No, I don’t think so, not even in the vague way you describe, let alone the specific past warming rate of 1 C/century that the press release claims. NZ’s climate policy seems to be addressing international commitments (the Climate Change Response Act, which has no reference to NZ climate change), or some non-specific allowances for future climate change (Resource Management Act, National Policy Statement on Freshwater), or specific consideration of future sea-level rise (Coastal Policy Statement). The global average warming is relevant enough for all this legislation. Where has a past NZ warming of 1 C/century been ‘factored into climate policy determinations’ as the press release claims?
I grant you, the 7SS warming is mentioned in the recent discussion document for the public consultation on the new emissions target, but I think you’d be overstating its importance to say that the decision this week relied on it.
>Now, what would you say about the substance of this post?
I haven’t read the new paper (like Simon :-)) or studied NIWA’s method, and as I say above I don’t think NZ’s climate policy depends on the amount of past warming here. But I think NIWA are more likely to be right than de Freitas et al, mainly because the 7SS rate is pretty similar to the global rate (which is very robust, and has survived a lot of skeptical inspection). It would be unusual (though not impossible) for NZ to have remained unchanged while the rest of the world warmed.
T Man >”Where has a past NZ warming of 1 C/century been ‘factored into climate policy determinations’ as the press release claims?”
“historical observations” below:
Downscaling to New Zealand
To identify likely future climate changes across New Zealand, projected changes from global climate models are statistically downscaled. This is a method for building in local spatial detail from information at the much coarser-scale available from GCMs. Historical observations are used to develop regression equations that relate local climate fluctuations to changes at the larger-scale. These historical observations are then replaced by the model changes in the regression equations to produce the fine-scale projections. Downscaled changes were prepared on a 0.05° grid (approximately 5km by 4km) covering New Zealand.
https://www.niwa.co.nz/our-science/climate/information-and-resources/clivar/scenarios
However I don’t think the 7SS is specifically used at all for this, probably NIWA’s VCS which starts 1972. Less than 1 C/century since 1972 in that and no warming recently.
But it’s the same 7SS methodology that forms the basis of other datasets used to determine historical NZ climate. From NIWA again:
Climate variations over the last 140 years
“Surface temperature trends for New Zealand and parts of the South West Pacific can be reconstructed from land and marine surface temperature observations made since 1860. More complete climate data exists for much of the region since the 1940s. Salinger et al (1995) have homogenised and analysed trends in South Pacific island temperature and rainfall. Surface marine data have been taken from an updated version of the Global Sea Ice and Sea Surface Temperature (GISST) marine data set (Rayner et al., 1995).

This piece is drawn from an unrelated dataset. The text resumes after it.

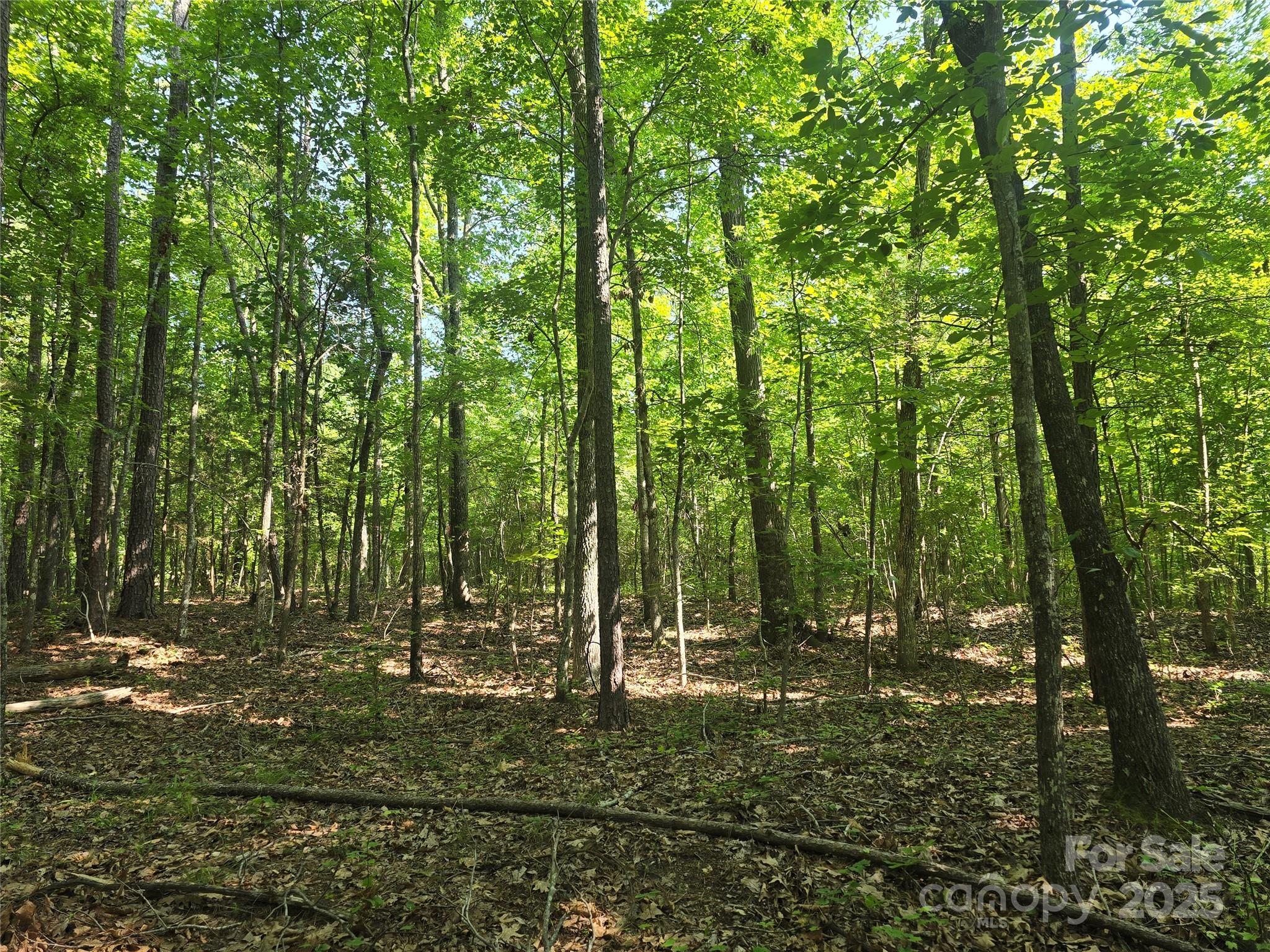 00 Hoke Road Property Photo 9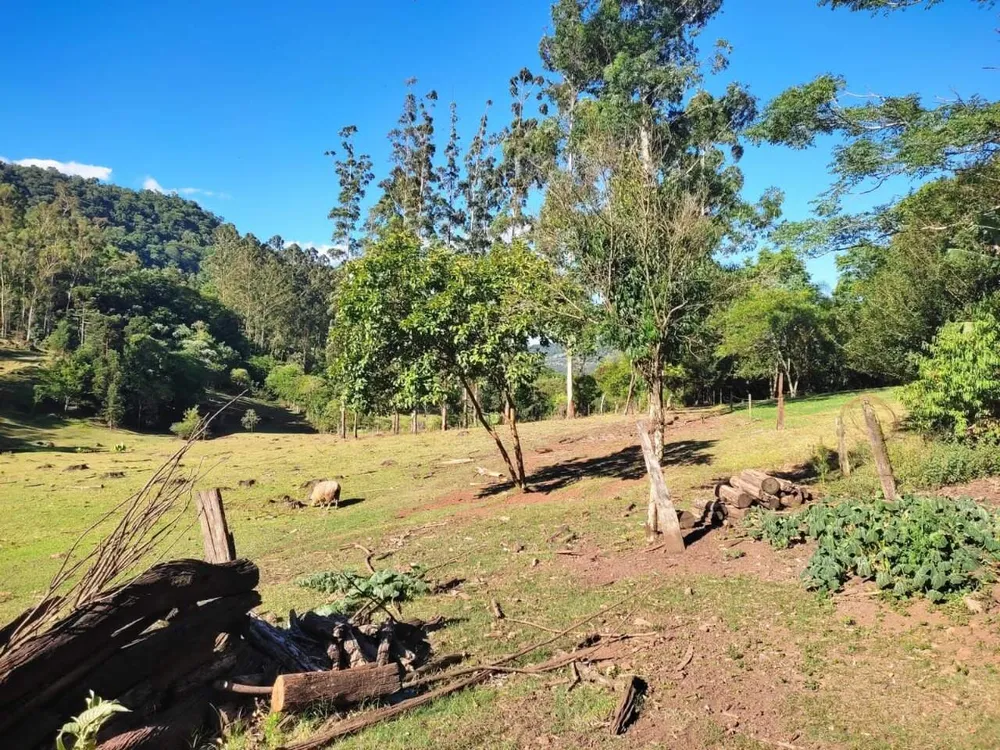 Sítio, 3 quartos, 28 hectares - Foto 6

All these records have been homogenised to remove any artificial trends as far as possible (Folland et al., 1997).”
“In the New Zealand region (T3) the magnitude of warming between the decades 1861 – 70 and 1981 – 90 is 1.1°C. Temperatures increased sharply after the 1940s, but annual mean warming has slowed recently.”
https://www.niwa.co.nz/our-science/climate/information-and-resources/clivar/pastclimate
The warming has now ceased but the policy continues.
>”I haven’t read the new paper (like Simon :-)) or studied NIWA’s method,………..But I think NIWA are more likely to be right than de Freitas et al,”
Therefore you have absolutely no knowledge on which to critique de Freitas et al or assess relative merits.
>”mainly because the 7SS rate is pretty similar to the global rate (which is very robust, and has survived a lot of skeptical inspection).”
The inspection is only really starting in earnest, survived? no. The adjustments in global datasets don’t agree with each other for a start. This just goes on and on, suffice to say here that the global rate has no certainty. I would point out too that the 7SS is inserted as-is into CRUTEM4 and therefore HadCRUT4 so it contributes to the trend in this part of the world at least.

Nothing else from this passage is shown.